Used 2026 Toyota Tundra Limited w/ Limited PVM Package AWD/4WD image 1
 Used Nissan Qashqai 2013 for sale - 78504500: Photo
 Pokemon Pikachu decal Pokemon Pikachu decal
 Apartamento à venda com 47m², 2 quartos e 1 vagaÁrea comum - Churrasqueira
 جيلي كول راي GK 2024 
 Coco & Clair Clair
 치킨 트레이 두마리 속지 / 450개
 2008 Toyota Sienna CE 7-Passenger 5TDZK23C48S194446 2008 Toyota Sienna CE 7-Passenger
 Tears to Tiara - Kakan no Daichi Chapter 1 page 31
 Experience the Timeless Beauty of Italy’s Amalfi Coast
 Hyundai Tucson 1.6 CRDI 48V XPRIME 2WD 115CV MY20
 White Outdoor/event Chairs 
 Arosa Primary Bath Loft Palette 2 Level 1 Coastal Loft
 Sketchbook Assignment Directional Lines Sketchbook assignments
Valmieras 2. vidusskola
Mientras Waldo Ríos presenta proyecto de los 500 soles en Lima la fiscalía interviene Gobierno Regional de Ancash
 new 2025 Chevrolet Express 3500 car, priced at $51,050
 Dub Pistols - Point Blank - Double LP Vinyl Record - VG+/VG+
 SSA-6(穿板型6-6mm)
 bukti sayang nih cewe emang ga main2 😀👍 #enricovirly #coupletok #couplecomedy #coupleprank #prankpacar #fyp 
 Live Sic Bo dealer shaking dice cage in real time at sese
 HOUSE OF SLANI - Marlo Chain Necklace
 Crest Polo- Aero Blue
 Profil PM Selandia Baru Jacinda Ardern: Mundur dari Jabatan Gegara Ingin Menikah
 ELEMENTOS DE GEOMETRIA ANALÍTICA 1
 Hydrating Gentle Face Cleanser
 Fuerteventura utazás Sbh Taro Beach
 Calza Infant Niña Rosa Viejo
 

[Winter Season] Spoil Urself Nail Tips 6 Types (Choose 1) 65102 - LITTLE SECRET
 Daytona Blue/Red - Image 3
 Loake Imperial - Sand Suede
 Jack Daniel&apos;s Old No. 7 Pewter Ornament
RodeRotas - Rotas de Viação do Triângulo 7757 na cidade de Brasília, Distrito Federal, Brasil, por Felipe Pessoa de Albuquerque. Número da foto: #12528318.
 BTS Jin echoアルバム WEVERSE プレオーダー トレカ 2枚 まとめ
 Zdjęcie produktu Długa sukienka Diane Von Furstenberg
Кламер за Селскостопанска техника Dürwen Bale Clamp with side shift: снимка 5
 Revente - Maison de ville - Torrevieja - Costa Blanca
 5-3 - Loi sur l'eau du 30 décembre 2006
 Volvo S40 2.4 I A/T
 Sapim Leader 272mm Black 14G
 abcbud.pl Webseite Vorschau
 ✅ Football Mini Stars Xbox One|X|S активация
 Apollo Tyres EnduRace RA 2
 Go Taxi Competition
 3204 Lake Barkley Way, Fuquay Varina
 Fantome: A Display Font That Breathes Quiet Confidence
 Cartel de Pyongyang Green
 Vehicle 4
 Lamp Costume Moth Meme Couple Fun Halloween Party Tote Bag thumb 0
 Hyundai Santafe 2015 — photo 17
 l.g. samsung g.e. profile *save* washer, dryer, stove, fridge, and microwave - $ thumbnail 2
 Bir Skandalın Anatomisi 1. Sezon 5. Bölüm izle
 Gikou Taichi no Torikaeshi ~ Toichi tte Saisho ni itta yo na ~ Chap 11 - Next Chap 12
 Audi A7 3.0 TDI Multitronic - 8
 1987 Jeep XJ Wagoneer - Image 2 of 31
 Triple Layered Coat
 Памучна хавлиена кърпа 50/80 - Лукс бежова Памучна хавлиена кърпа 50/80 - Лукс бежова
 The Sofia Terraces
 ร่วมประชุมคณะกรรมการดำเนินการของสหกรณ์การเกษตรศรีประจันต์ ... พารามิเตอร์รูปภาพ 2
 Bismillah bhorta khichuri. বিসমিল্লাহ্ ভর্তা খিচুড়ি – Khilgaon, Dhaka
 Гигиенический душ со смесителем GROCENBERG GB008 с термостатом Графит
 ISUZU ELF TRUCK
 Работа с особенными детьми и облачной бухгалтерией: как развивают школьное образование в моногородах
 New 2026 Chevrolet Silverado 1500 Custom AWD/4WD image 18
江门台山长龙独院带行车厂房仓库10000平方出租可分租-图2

————

WHAT YOU NEED TO DO:
Every single line of the data above must be set down again exactly.

ANSWER SECTION:
Used 2026 Toyota Tundra Limited w/ Limited PVM Package AWD/4WD image 1
 Used Nissan Qashqai 2013 for sale - 78504500: Photo
 Pokemon Pikachu decal Pokemon Pikachu decal
 Apartamento à venda com 47m², 2 quartos e 1 vagaÁrea comum - Churrasqueira
 جيلي كول راي GK 2024 
 Coco & Clair Clair
 치킨 트레이 두마리 속지 / 450개
 2008 Toyota Sienna CE 7-Passenger 5TDZK23C48S194446 2008 Toyota Sienna CE 7-Passenger
 Tears to Tiara - Kakan no Daichi Chapter 1 page 31
 Experience the Timeless Beauty of Italy’s Amalfi Coast
 Hyundai Tucson 1.6 CRDI 48V XPRIME 2WD 115CV MY20
 White Outdoor/event Chairs 
 Arosa Primary Bath Loft Palette 2 Level 1 Coastal Loft
 Sketchbook Assignment Directional Lines Sketchbook assignments
Valmieras 2. vidusskola
Mientras Waldo Ríos presenta proyecto de los 500 soles en Lima la fiscalía interviene Gobierno Regional de Ancash
 new 2025 Chevrolet Express 3500 car, priced at $51,050
 Dub Pistols - Point Blank - Double LP Vinyl Record - VG+/VG+
 SSA-6(穿板型6-6mm)
 bukti sayang nih cewe emang ga main2 😀👍 #enricovirly #coupletok #couplecomedy #coupleprank #prankpacar #fyp 
 Live Sic Bo dealer shaking dice cage in real time at sese
 HOUSE OF SLANI - Marlo Chain Necklace
 Crest Polo- Aero Blue
 Profil PM Selandia Baru Jacinda Ardern: Mundur dari Jabatan Gegara Ingin Menikah
 ELEMENTOS DE GEOMETRIA ANALÍTICA 1
 Hydrating Gentle Face Cleanser
 Fuerteventura utazás Sbh Taro Beach
 Calza Infant Niña Rosa Viejo
 

[Winter Season] Spoil Urself Nail Tips 6 Types (Choose 1) 65102 - LITTLE SECRET
 Daytona Blue/Red - Image 3
 Loake Imperial - Sand Suede
 Jack Daniel&apos;s Old No. 7 Pewter Ornament
RodeRotas - Rotas de Viação do Triângulo 7757 na cidade de Brasília, Distrito Federal, Brasil, por Felipe Pessoa de Albuquerque. Número da foto: #12528318.
 BTS Jin echoアルバム WEVERSE プレオーダー トレカ 2枚 まとめ
 Zdjęcie produktu Długa sukienka Diane Von Furstenberg
Кламер за Селскостопанска техника Dürwen Bale Clamp with side shift: снимка 5
 Revente - Maison de ville - Torrevieja - Costa Blanca
 5-3 - Loi sur l'eau du 30 décembre 2006
 Volvo S40 2.4 I A/T
 Sapim Leader 272mm Black 14G
 abcbud.pl Webseite Vorschau
 ✅ Football Mini Stars Xbox One|X|S активация
 Apollo Tyres EnduRace RA 2
 Go Taxi Competition
 3204 Lake Barkley Way, Fuquay Varina
 Fantome: A Display Font That Breathes Quiet Confidence
 Cartel de Pyongyang Green
 Vehicle 4
 Lamp Costume Moth Meme Couple Fun Halloween Party Tote Bag thumb 0
 Hyundai Santafe 2015 — photo 17
 l.g. samsung g.e. profile *save* washer, dryer, stove, fridge, and microwave - $ thumbnail 2
 Bir Skandalın Anatomisi 1. Sezon 5. Bölüm izle
 Gikou Taichi no Torikaeshi ~ Toichi tte Saisho ni itta yo na ~ Chap 11 - Next Chap 12
 Audi A7 3.0 TDI Multitronic - 8
 1987 Jeep XJ Wagoneer - Image 2 of 31
 Triple Layered Coat
 Памучна хавлиена кърпа 50/80 - Лукс бежова Памучна хавлиена кърпа 50/80 - Лукс бежова
 The Sofia Terraces
 ร่วมประชุมคณะกรรมการดำเนินการของสหกรณ์การเกษตรศรีประจันต์ ... พารามิเตอร์รูปภาพ 2
 Bismillah bhorta khichuri. বিসমিল্লাহ্ ভর্তা খিচুড়ি – Khilgaon, Dhaka
 Гигиенический душ со смесителем GROCENBERG GB008 с термостатом Графит
 ISUZU ELF TRUCK
 Работа с особенными детьми и облачной бухгалтерией: как развивают школьное образование в моногородах
 New 2026 Chevrolet Silverado 1500 Custom AWD/4WD image 18
江门台山长龙独院带行车厂房仓库10000平方出租可分租-图2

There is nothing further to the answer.